How to install tesseract-ocr in a training DLC of HF via a script?

Hi,

in order to train a model layoutLMv2 on AWS Sagemaker (inspiration from Fine-tuning LayoutLMForSequenceClassification on RVL-CDIP.ipynb of @nielsr) through a script running in a training DL container (DLC) of Hugging Face, I need to install tesseract-ocr in this container.

Here is the code (inspiration from 01_getting_started_pytorch of @philschmid) of my AWS Sagemaker notebook that runs my Hugging Face Estimator that installs the DLC and then, run the script tesseract.py (I have no problem with this code; the problem comes after the DLC installation when the script tesseract.py is run and starts with the tesseract-ocr installation):

!pip install "sagemaker>=2.48.0" "transformers==4.12.3" "datasets[s3]==1.18.3" --upgrade

import sagemaker

sess = sagemaker.Session()
# sagemaker session bucket -> used for uploading data, models and logs
# sagemaker will automatically create this bucket if it not exists
sagemaker_session_bucket=None
if sagemaker_session_bucket is None and sess is not None:
    # set to default bucket if a bucket name is not given
    sagemaker_session_bucket = sess.default_bucket()
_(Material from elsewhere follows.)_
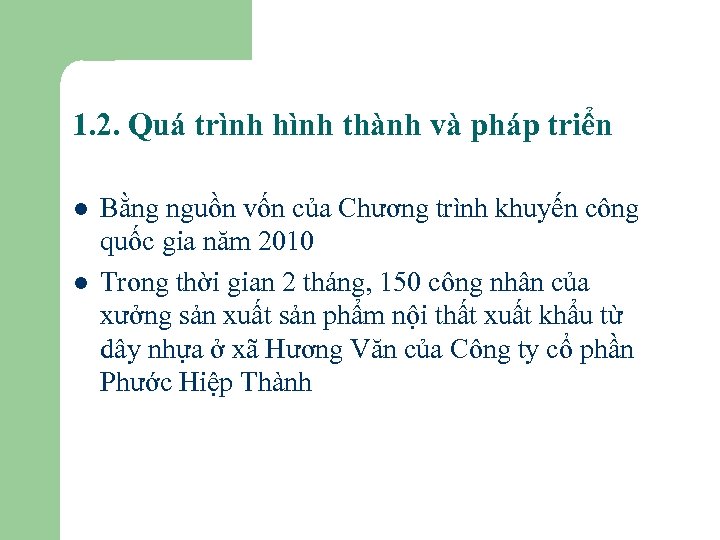 1. 2. Quá trình hình thành và pháp triển l l Bằng nguồn vốn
role = sagemaker.get_execution_role()
sess = sagemaker.Session(default_bucket=sagemaker_session_bucket)

print(f"sagemaker role arn: {role}")
print(f"sagemaker bucket: {sess.default_bucket()}")
print(f"sagemaker session region: {sess.boto_region_name}")
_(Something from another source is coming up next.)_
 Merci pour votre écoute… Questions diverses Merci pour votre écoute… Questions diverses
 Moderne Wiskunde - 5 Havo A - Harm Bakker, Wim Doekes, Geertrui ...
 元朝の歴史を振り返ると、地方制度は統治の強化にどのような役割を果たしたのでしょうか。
import sagemaker.huggingface
from sagemaker.huggingface import HuggingFace

huggingface_estimator = HuggingFace(entry_point='tesseract.py',
                            source_dir='./scripts',
                            instance_type='ml.g4dn.4xlarge', #'ml.p3.2xlarge',
                            instance_count=1,
                            role=role,
                            transformers_version='4.12',
                            pytorch_version='1.9',
                            py_version='py38',
                            #hyperparameters = hyperparameters
                                   )

# starting the train job with our uploaded datasets as input
huggingface_estimator.fit()

I did test different version of the script tesseract.py. None of them successfully install tesseract-ocr. I always get the following error message:

E: Unable to locate package tesseract-ocr

I copy here the different versions of the script tesseract.py I tested and the whole error message.
How can help me on finding the right tesseract-ocr installation commands in this script?
Thanks you.

Version 1 of tesseract.py

import os

os.system('apt-get install tesseract-ocr')
os.system('pip install -q pytesseract')

import pytesseract
print("pytesseract:",pytesseract.__version__)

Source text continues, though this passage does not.